Caso Master expõe ligações entre polarização política e escândalos na Amazônia
A polarização política brasileira se reflete em um escândalo envolvendo o Banco Master, que compromete lideranças no Caso Master e o projeto de créditos de carbono na Amazônia.
Na análise futura da polarização política entre Lula e Bolsonaro, um aspecto importante será a incapacidade de ambos em prevenir e punir os atos irregulares associados ao Caso Master.
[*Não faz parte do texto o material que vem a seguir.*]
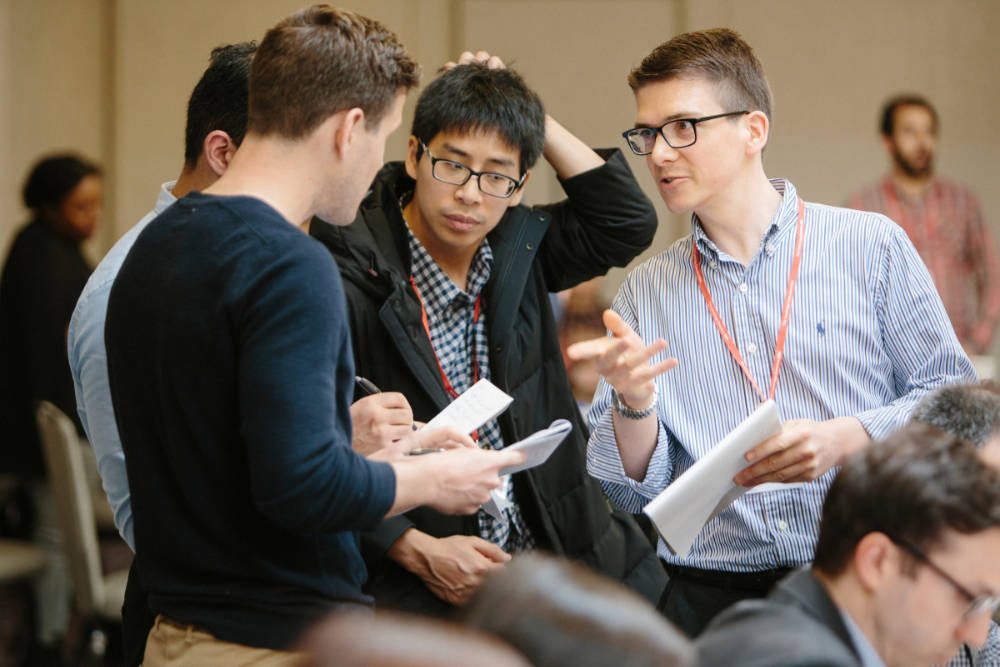 Executive MBA participants working in a study group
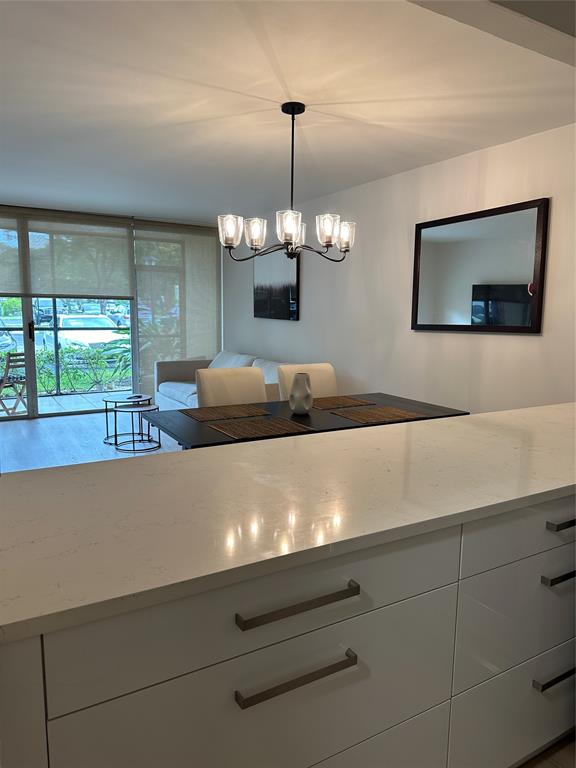 3821 Environ Boulevard, Unit 110 Lauderhill, FL 33319 - Photo 3 of 9 a view of a room with furniture and a chandelier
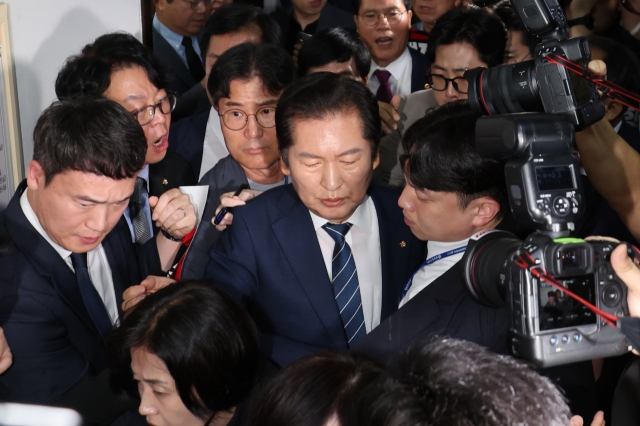 Lawmakers of the ruling People Power Party protest against a hearing on an online petition calling for the impeachment of President Yoon Suk Yeol, as Rep. Jung Chung-rae, chair of the parliamentary legislation and judiciary committee, heads to a meeting room at the National Assembly in Seoul to attend the hearing on July 19, 2024. (Yonhap)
Esse escândalo transcendeu a esfera política, atingindo também a região amazônica e suas complexas interações com esquemas financeiros.
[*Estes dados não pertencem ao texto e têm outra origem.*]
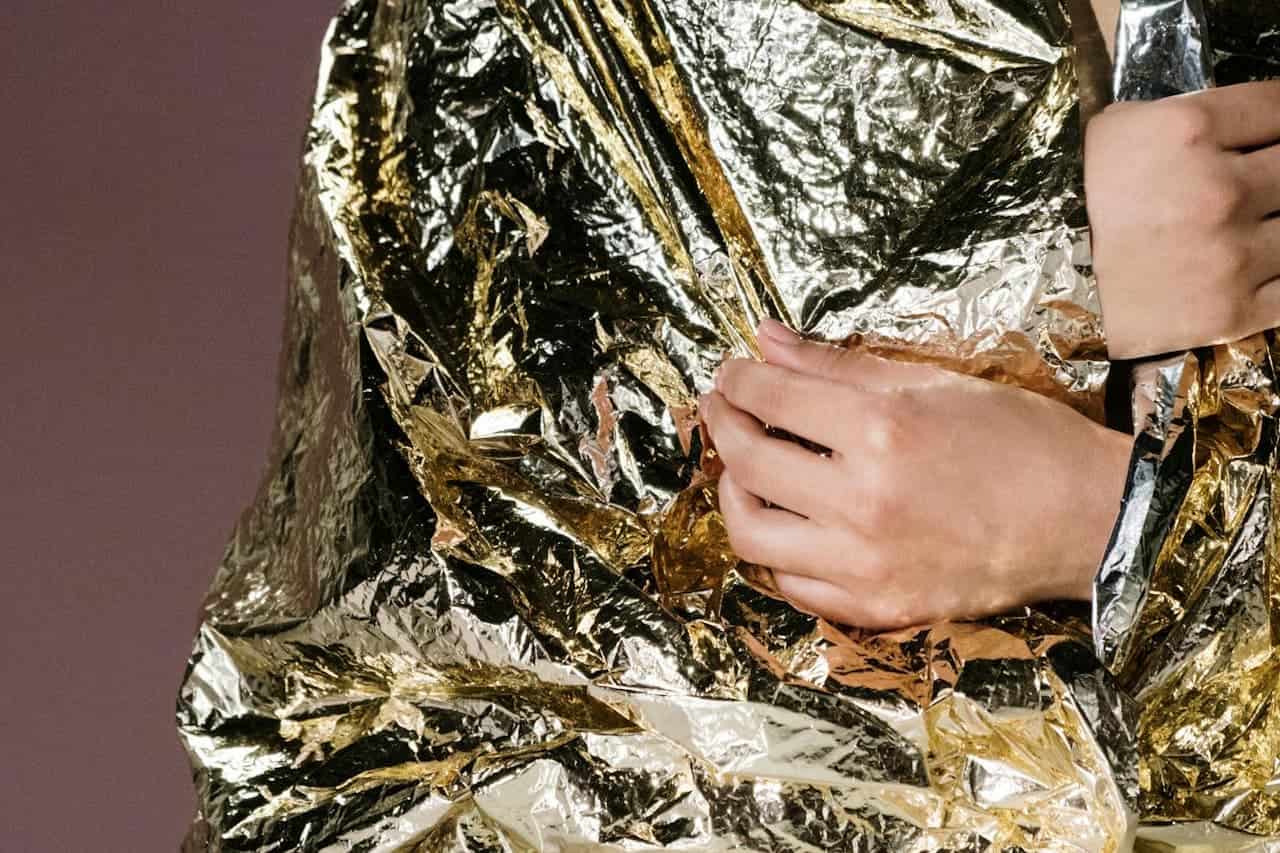 Person wearing Emergency Mylar Blankets wrapped around their body, with hands visible against a dark burgundy background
O Banco Master utilizou propaganda para se apresentar como um símbolo do novo Brasil pós-Lula e pós-Bolsonaro, apesar de suas práticas problemáticas. A polêmica gira em torno de um projeto de créditos de carbono da família Vorcaro, cujos valores eram inflacionados sem respaldo no mercado, o que poderá ser lembrado como um dos maiores escândalos relacionados a créditos de carbono no Brasil.
Com a operação Compliance Zero, diversas figuras políticas de destaque podem estar, de alguma forma, envolvidas no Caso Master, seja pela participação em partidos ou instituições conectadas a esse esquema.
Em Rondônia, a transferência do governador Marcos Rocha para o PSD dá início às definições para a disputa do governo estadual. Entre os pré-candidatos, estão o atual prefeito de Cacoal, Adailton Fúria (PSD), apoiado por Rocha, e o senador Marcos Rogério (PL), que representa a força do ex-presidente Jair Bolsonaro. O PT também já anunciou o ex-deputado federal Expedito Neto como seu candidato, embora sua aceitação esteja em dúvida.
Nos bastidores políticos, a candidatura de Expedito Neto pelo PT não ganhou força. Há sugestões de que a sigla poderia optar por outra figura, como o ex-deputado federal Anselmo de Jesus, que possui raízes em Ji-Paraná. Contudo, as decisões finais podem ser impactadas pelas convenções partidárias que ocorrerão em julho.
A eleição ao Palácio Rio Madeira, futura sede do governo rondoniense, deve apresentar uma chapa competitiva, liderada por Marcos Rogério (PL) e com candidatos ao Senado já alinhados. Além disso, Adailton Fúria está negociando um nome para vice-governador proveniente da aliança com Marcos Rocha e possivelmente apoiará a atual deputada federal Silvia Cristina (PP) para o Senado.
O União Brasil se destaca pela estruturação partidária robusta e pela quantidade de representantes, mas enfrenta o desafio de não ter um candidato a governador forte, especialmente com o vice-governador Sergio Gonçalves enfrentando dificuldades na campanha. Espera-se que as alianças políticas se equilibrem após a abertura da janela partidária em março.
Com um cenário eleitoral em evolução, o senador Marcos Rogério (PL) e o prefeito Adailton Fúria (PSD) são considerados favoritos, mas novos protagonistas podem surgir. Existe a possibilidade de o ex-prefeito Hildon Chaves liderar uma chapa pelo União Progressista, que inclui União Brasil e Progressistas, ou mesmo se alinhar com o MDB como alternativa ao atual cenário político.
A Rede DB de supermercados foi a segunda do setor a fechar as portas em Porto Velho, fortalecendo a concorrência que já era resentida por redes locais. Além disso, a disputa entre farmácias e óticas tem aumentado em Porto Velho. Enquanto isso, o narcotráfico continua a dominar os garimpos clandestinos, transformando o comércio de ouro em uma atividade lucrativa. O aumento da busca por cadeiras na Assembleia Legislativa de Rondônia por parte dos vereadores locais indica um ambiente político acirrado.